C’est en cela que chaque personnage est intéressant. Chacun aborde d’une manière différente ses souvenirs, Marcus essaie de s’en échapper comme il le fait de cette maison dont il sort constamment, Gary a besoin de retourner en enfance, de vivre tout un arc-en-ciel de sensations pour se dégager de ce château poussiéreux, Lou, quant à elle, a besoin de devenir plus forte, de revêtir des couches sur sa peau fragile.
Lou et Gary sont les personnages par lesquels sont introduits les souvenirs de leur mère. Des souvenirs qui, tout au long du film, montés parallèlement à l’époque présente, sont caractérisés par une mère dansant dans une pièce sous le regard de ses trois enfants, alors tous petits, sur une musique originale du groupe Coming Soon et Island Kizhi, une collaboration qui « transporte quiconque l’écoute dans une réalité lointaine et envoutante » avec des lumières multicolores, roses, vertes, bleues, etc.

Or c’est par les deux personnages les plus attachés au passé que vient la délivrance. Comme une manière de dire que ce conte est une ode aux souvenirs. Mais des souvenirs qui en aucun cas ne doivent devenir une prison.
Comme en témoigne cette scène où, pour la première fois, le moment présent est illuminé à la manière des souvenirs. Gary danse comme sa mère, sous le regard de son frère et sa sœur, et face à une fenêtre, ouverte cette fois, il met en mot par deux fois cette idée de liberté.

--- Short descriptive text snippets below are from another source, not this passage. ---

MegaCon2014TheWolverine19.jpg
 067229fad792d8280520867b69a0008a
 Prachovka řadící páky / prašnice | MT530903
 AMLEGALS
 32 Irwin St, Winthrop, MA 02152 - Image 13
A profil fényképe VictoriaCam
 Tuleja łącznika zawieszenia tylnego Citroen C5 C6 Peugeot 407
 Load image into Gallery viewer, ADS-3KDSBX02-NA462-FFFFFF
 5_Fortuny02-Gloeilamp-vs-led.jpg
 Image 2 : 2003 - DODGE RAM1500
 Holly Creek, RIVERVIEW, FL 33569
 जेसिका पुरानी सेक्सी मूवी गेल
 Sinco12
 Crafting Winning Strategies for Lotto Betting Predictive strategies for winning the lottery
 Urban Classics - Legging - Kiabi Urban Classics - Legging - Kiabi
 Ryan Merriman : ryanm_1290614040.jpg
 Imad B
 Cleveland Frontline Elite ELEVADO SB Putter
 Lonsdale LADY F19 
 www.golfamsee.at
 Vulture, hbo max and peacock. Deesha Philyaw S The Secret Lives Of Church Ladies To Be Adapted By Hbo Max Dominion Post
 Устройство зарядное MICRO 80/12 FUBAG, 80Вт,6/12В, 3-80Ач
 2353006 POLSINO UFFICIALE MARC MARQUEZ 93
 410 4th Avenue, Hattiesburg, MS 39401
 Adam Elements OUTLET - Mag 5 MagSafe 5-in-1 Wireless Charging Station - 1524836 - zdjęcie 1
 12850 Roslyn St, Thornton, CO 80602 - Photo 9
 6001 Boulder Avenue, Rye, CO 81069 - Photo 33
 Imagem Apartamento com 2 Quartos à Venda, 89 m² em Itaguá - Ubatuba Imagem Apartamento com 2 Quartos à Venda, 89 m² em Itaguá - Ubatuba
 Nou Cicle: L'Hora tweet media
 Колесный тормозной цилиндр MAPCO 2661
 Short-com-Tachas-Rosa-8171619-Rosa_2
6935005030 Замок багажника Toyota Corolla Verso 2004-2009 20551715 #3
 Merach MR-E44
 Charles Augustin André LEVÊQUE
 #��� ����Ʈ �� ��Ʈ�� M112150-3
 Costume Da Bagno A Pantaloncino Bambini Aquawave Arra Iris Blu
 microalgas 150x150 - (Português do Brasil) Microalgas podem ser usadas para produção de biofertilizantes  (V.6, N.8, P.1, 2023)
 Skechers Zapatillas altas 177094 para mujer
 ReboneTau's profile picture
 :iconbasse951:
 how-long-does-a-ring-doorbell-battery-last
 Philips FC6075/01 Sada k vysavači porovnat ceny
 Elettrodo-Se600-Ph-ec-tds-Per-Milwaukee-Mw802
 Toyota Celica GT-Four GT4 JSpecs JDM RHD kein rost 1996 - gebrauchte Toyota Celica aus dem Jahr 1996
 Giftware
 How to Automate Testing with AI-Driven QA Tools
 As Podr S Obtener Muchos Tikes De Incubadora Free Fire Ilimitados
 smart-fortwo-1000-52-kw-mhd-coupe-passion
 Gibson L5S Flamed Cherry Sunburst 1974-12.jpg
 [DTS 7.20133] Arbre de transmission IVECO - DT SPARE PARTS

Tout d’abord, en citant Richard III de Shakespeare « Un cheval contre un royaume », il montre qu’il est prêt à tout pour fuir cette forteresse poussiéreuse, ce royaume de nostalgie. Le mot est lâché. Certes, royaume, titre du court-métrage, mais avant tout, nostalgie, cette émotion dans laquelle semble prisonnière Lou depuis le début. C’est d’ailleurs là que face à elle il se pose, tel un prêtre qui chercherait à exorciser une personne aliénée par un esprit du passé, lui intimant l’ordre de crier « on emmerde la nostalgie !!!! ».

Gary est un électron libre, car il est cette vibration qui permet à Lou d’ouvrir les yeux sur ce que ne sont pas les souvenirs. Ils ne sont pas faits d’objets, mais de matière. C’est ainsi que les lumières colorées se transforment en peintures celles avec lesquelles les trois frères et sœurs se battent à présent. Elles dégoulinent sur leur visage, sur leur corps, et sur l’ensemble de leur royaume désormais tableau vivant.
Au petit jour, il ne reste plus rien, tout est détruit, seul reste Marcus, Gary et Lou dévoilés dans un travelling horizontal. Regardant le ciel, cette dernière conclut : ‘Plus ça va être beau, plus elle va me manquer ». Fin.
Car si la nostalgie est cette enclume qui retient tout bateau au port, et dont il faut se défaire, la mémoire, elle, est cette voie lactée qui permet à tout marin de se retrouver et de choisir son cap.